- Official release poster
- Directed by: Robert Rodriguez
- Screenplay by: Robert Rodriguez
- Produced by: Robert Rodriguez
- Starring: Kobe Bryant; Kanye West; Danny Trejo; Bruce Willis;
- Cinematography: Robert Rodriguez
- Edited by: Robert Rodriguez
- Music by: Robert Rodriguez
- Production companies: RadicalMedia; Troublemaker Studios;
- Distributed by: Nike
- Release date: February 19, 2011;
- Running time: 6 minutes
- Country: United States
- Language: English

= The Black Mamba (film) =

2011 short film by Robert Rodriguez

The Black Mamba is an American short film produced, written, and directed by Robert Rodriguez. It stars Kobe Bryant, Kanye West, Danny Trejo, and Bruce Willis.

The Black Mamba was released by Nike online on February 19, 2011.

==Plot==
The Black Mamba is about the making of a fictional movie, with Robert Rodriguez pitching Kobe Bryant a story about a hero called "The Black Mamba". It is shown, as Rodriguez describes it, with Bryant squaring off against a monster-fied Danny Trejo, before meeting Bruce Willis. The film ends with Bryant fighting zombie basketball players led by Kanye West.

==Cast==
- Kobe Bryant as himself / "The Black Mamba"
- Kanye West as himself
- Danny Trejo as himself
- Bruce Willis as Mr. Suave

==Production==
By 2011, Kobe Bryant, Bruce Willis, Danny Trejo, and Kanye West signed on to star in a 6-minute short film under the title The Black Mamba. The film was produced, written, and directed by Robert Rodriguez. The film was part of a promotional campaign for the Nike Air Kobe Zoom VIs.

==Release==
The Black Mamba was released by Nike online on February 19, 2011. The short film also played in several Los Angeles cinemas, including Mann's Chinese Theatre.

===Critical reception===
Kevin Jagernauth, of IndieWire, said the short film was "OK", elaborating "it fits very comfortably into the grindhouse wheelhouse for Rodriguez, so if you've worn out your Machete DVD this is probably worth a quick spin".

Chris Yuscavage, of Vibe, gave a mixed review, praising Rodriguez's metahumor, but criticizing Bruce Willis' minor role and Bryant's "manufactured" stage name of "The Black Mamba".

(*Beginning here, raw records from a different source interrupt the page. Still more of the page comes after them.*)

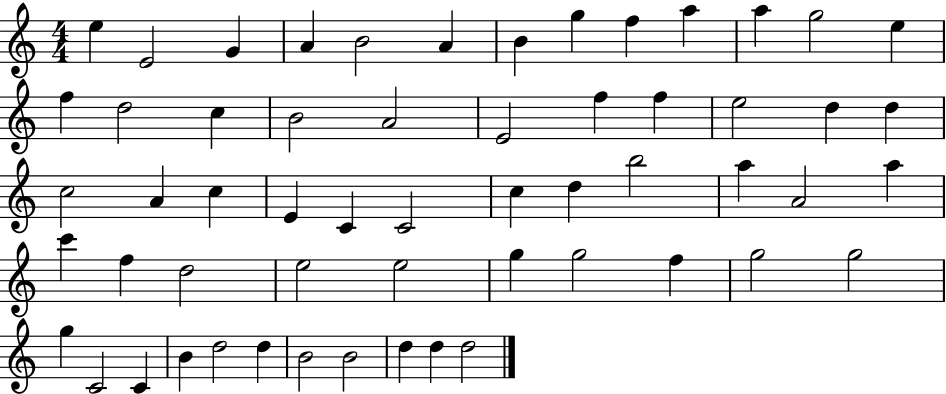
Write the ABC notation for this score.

X:1
T:Untitled
M:4/4
L:1/4
K:C
e E2 G A B2 A B g f a a g2 e f d2 c B2 A2 E2 f f e2 d d c2 A c E C C2 c d b2 a A2 a c' f d2 e2 e2 g g2 f g2 g2 g C2 C B d2 d B2 B2 d d d2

Germain Lussier, of /Film, gave the short film a negative review, saying it was "not as fun as I thought it was going to be. I think having Rodriguez as one of the main parts of the film and making the whole thing a pitch/fantasy is the only thing that makes it work. The cameo appearances are funny and the idea of a super-villain collecting shoes is kind of interesting, but overall the action was stale and the basketball itself was boring. Seeing a new film by Rodriguez is cool, and his visual style within the film is hugely apparent, but, for my money, The Black Mamba can't hold a candle to the real highlight of the NBA All-Star Weekend: the Slam Dunk Contest".

William Goodman, of CBS News, was more positive of the film, calling it "pretty slick".